The main event of the week did not disappoint. The publication of the minutes from the December ECB meetings showed that the Governing Council is leaning towards ending the monthly purchases of sovereign bonds after the current extension ends in September of this year. The news that Germany was close to a Grand Coalition agreement just added fuel to the euro rally, which pushed all European currencies higher on its wake.

T
he action next week should be centered on emerging market currencies. On Thursday, we have an unusual number of central bank meetings on the same day: the Central Bank of Turkey, the South African Reserve Board, the Bank of Korean and the Bank of Indonesia. In G10 currencies it should be a relatively quiet week, however.

GBP

Sterling managed to keep up with the torrid euro rally against the US dollar. Strong news from both manufacturing and retail sales eased worries about any weakening of the British economy, and brought further Bank of England into focus. News that Spain and Netherlands were pushing for a soft Brexit in the negotiations also buoyed the Pound. On Tuesday, we get the critical inflation report for December. An upside surprise would force the market to further reprice expectations for hikes and send Cable to fresh post-Brexit highs.

EUR

The ECB minutes from its December meeting revealed a growing confidence in the economic outlook of the Eurozone. More controversially, they stated that “ultimately, the further absorption of slack should lead to upward wage and price pressures”.  This is yet to be seen in the key core inflation numbers, which exclude volatile energy and food items. These remain stuck below 1% in December, showing no sign that the positive economic environment is resulting in any wage or price pressures.

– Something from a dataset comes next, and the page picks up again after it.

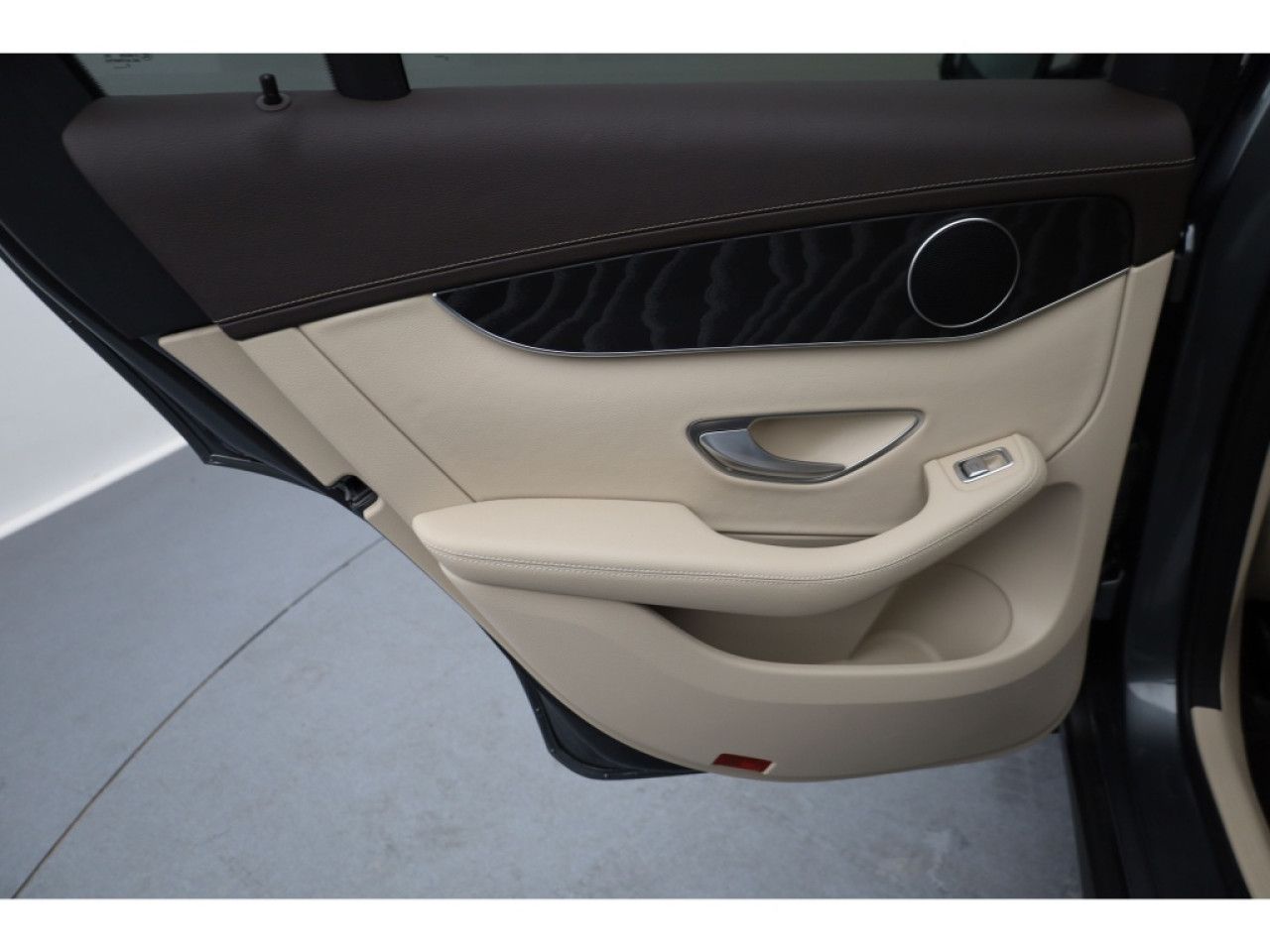 Fahrzeugbild 13 / 29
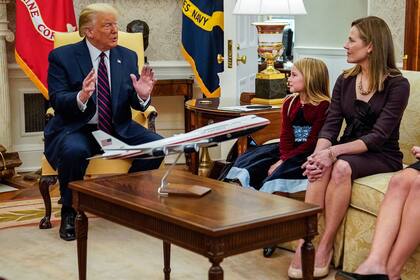 El presidente Donald Trump con la jueza Amy Coney Barrett, su nominada a la Corte Suprema, en la Oficina Oval de la Casa Blanca en Washington, antes de su anuncio público, el sábado 26 de septiembre de 2020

Nevertheless, markets repriced the beginning of ECB hikes, bringing them forward into 2018 and boosting the common currency to a fresh three-year high.

USD

There were some rather strong economic surprises out of the US last week. Retail sales continue to grow at a very healthy 6% annualized rate. More importantly, it is starting to look  like the tight labor market is finally starting to push up inflation, as the core rate rose in December to an 1.8% annualized rate – not far from the Fed’s target. The market chose to overlook these bullish developments and the dollar struggled as traders focused on the hawkish ECB minutes. However, we now expect four full interest rates hikes from the Federal Reserve, vs none from the ECB. As the short-term differential across the Atlantic, it’s difficult to see how the Euro can continue to rally, particularly given the extraordinarily stretched positioning of traders, which are overwhelmingly long the currency.